Servo systemsIndustrial automation
Four Procurement Considerations
- Sample evaluation in your actual application is mandatory: Motor datasheets state performance under standardized test conditions that rarely match your real application. Two motors with identical datasheet specs from different manufacturers can produce measurably different results for torque delivery, audible noise, temperature rise, and efficiency in your specific application circuit and enclosure. Sample evaluation is the single most important procurement step — not optional, regardless of how good the datasheet looks.
- Long-life products need accelerated life testing: For products with MTBF or warranty requirements, the manufacturer's stated life figure is a starting point, not a verification. Commission accelerated stress testing (elevated temperature, elevated load, extended cycling) on samples to validate life in conditions representative of your actual deployment environment. Discovering a lifespan shortfall after production is orders of magnitude more costly than discovering it during sample evaluation.
- Plan for EOL — qualify alternative sources early: Even motors with long supply histories can be discontinued. Unlike electronic ICs, motors don't have standardized footprints, so an EOL event without a pre-qualified alternative can require mechanical redesign. For high-volume or long-lifecycle products, identify and test at least one alternative source with equivalent electrical and mechanical characteristics. Pre-qualification of an alternative source is insurance that costs relatively little to obtain and saves substantially if needed.

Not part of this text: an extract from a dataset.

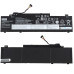 Оригинальная батарея для ноутбука Lenovo L24B3PK2 (IdeaPad Slim 5 16AKP10) 11.3 5310mAh Black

- Application-specific certifications are non-negotiable: Automotive applications require AEC-Q grade qualification data for power electronics components. Medical device applications require motors from manufacturers with appropriate quality systems (ISO 13485 or equivalent). General industrial applications require CE/UL-listed motors for relevant regulatory markets. Using consumer-grade motors in regulated applications is a compliance violation — not a cost optimization strategy.
Key Takeaways
Motor and actuator selection requires matching the right type to the application's fundamental requirements first, then refining on the six criteria. DC brush motors for simple, low-cost, short-life applications; BLDC for anything requiring long lifespan, high efficiency, or low noise (now the dominant type for most continuous-duty applications); steppers for open-loop position control at low speed without encoder cost; servos for high-precision, high-dynamic closed-loop applications; and solenoids or piezoelectric actuators for specific linear or micro-displacement needs. Select the driver IC to match the motor type and control requirements. Evaluate samples in your actual application before design lock, test life under representative stress conditions, qualify alternative sources for high-volume programs, and verify certification requirements for regulated applications.